Lower oil prices are here to stay.

OPEC+ cut-backs provide temporary support, they are not a game-changer.

Low cost, efficient E&P operators will succeed, high cost will struggle.

Not all shale companies are low cost. Do you know whether, on a fully loaded basis, your favorite shale player is low cost or high cost?

Use the market pull-back as an opportunity to invest in the best.

Introduction

A common refrain this past couple of years was that WTI would trade predominately in a $60 to $80 range.

During 2018, US E&P companies increased output by 2 million barrels a day with WTI averaging $65 a barrel for the year. Of this, 1 million came from the Permian basin where, net of Cushing differentials, they received average pricing of $58 a barrel.

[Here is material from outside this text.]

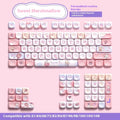 Sweet Cotton Candy coloured mechanical keyboard keycap set showing pastel pink and blue keys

Cushing differentials will evaporate in 2019, thereby significantly boosting net prices for Permian operators. If these companies grew production in 2018 with net pricing of $58 a barrel then, in 2019, this opens the door to another Permian oil tsunami.

Elsewhere, there is a growing threat of a recession in the USA and/or a global slowdown. This has potential to wreak havoc with oil prices.

Already there are enough headwinds to ditch the idea of WTI trading in a $60-$80 band. A more realistic trading range is $50 to $60.

Even at $50-$60, there are some excellent and efficient shale companies that will continue to prosper. Alas, there are also inefficient players that struggle at this level.

The key ingredient to be a successful company in the $50-$60 zone is that it must be a low-cost / high-profit operator.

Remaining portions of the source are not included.